All that shit, however, analogous and analog, happened in the past. In Portland Oregon most all of the rest of the country is referred to as “back East”. I use “the Past” in that same spirit; everything before this very moment. In the immediate present I’m typing. If you follow a certain time-line, I’m always typing and, possibly, always will be. Even when I type, and poorly I might add, it’s more melody and meter than content.
Y’ll can disagree if you want but I’m not disparaging myself. I’m kind of fond of me, just a little bored. I remember days, weeks, months when I dearly wished for a little boredom. I also have a vauge memory of being a child and engaged in some joyous activity only a kid would do and thinking “I will always remember this, this is what it’s like to be a kid”. I don’t remember what I was doing, but I remember how profound the idea that I should remember the essence of being a kid.

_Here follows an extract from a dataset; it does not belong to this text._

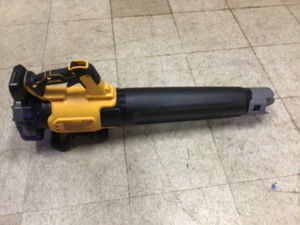 lot 13 image: DEWALT 125 MPH 450 CFM 20V MAX Cordless Brushless Handheld Blower (Tool Only)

As it stands the best thing I can think of about being a kid is the constant state of wonder and curiousity, at least that how it was for me. Today, below freezing, if I saw a naked clown go through a car wash on a unicycle I might yawn or honk my horn, impatient for my turn. I stopped by a speedway, a chain of gas stations in this part of the country, to pick up smart water on way to see GF. The car wash was in service. I briefly wondered how they keep the hoses from freezing. Tomorrow, according to my weather app has a high of 18 degrees farenheit, windchill bringing it below zero.

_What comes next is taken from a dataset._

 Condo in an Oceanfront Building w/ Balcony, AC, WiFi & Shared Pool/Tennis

I thought perhaps I should get a car wash in. I’ve been driving on clay and gravel roads coated in slush and ice and my little red sedan looks like it has flames of mud on it’s flanks.

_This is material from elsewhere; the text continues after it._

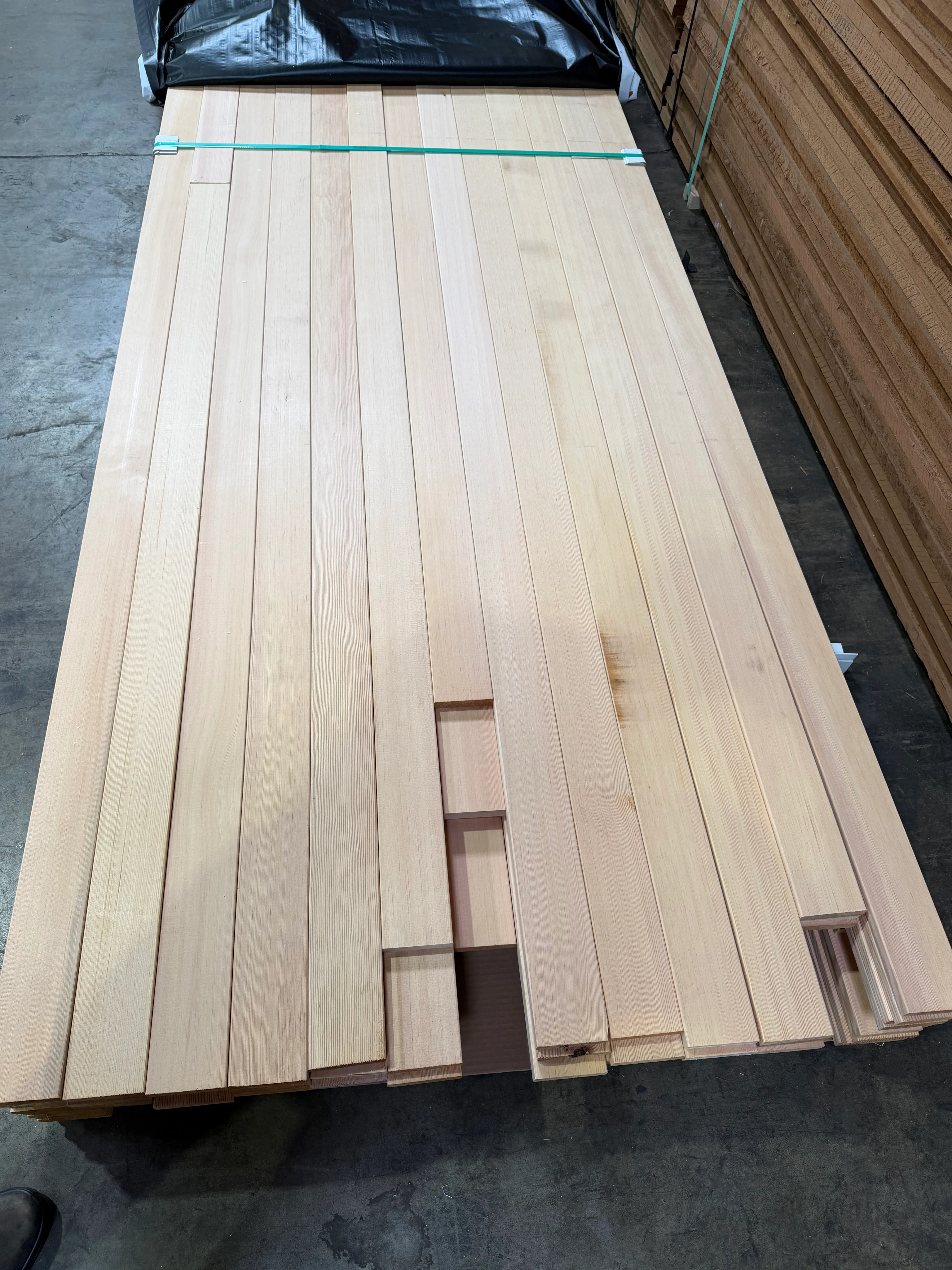 Douglas Fir 1x4 VGX Clear S4S Fine Grain Old Growth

When I was a teen that area was a wild life/wetlands preserve. I would go back there to do stuff like making out or getting high. I don’t remember every thinking “Ah, this is what it’s like to be a teenager, remember this” I do vaguely remember thinking “This is some stupid shit”. I think the reason older people criticize new teenagers is that their stupid shit is stupider than their, the older ones, stupid shit was. I’m only guessing. I like to think I gauge stupid shit on the merits of it’s stupidity and not the relative stupidity of the stupid shit performing artist. But, as Jesus might say, WTFDHK (what the fuck does haredawg know)? Ok, ok, though I’d be surprised if Jesus wasn’t versed in proper use of the word fuck, and even given that his eye is on the sparrow, I don’t think I merit particular mention from on high. Perhaps it’s more like WTFITSD (what the fuck is that sparrow doing?)
I am no longer a teen and that area is no longer a preserve, it’s wetlands with houses built while I was in Oregon. The roads haven’t been improved since. People shoot deer in and out of season through their screen windows. I guess that saves on purchasing orange vests.
If I had made a resolution to type here daily I seem to be keeping it. I didn’t which means I might, type daily, not resolve. The real question is WTFAYD (what the fuck are doing?) Please, do it well, and, barring that, don’t get caught.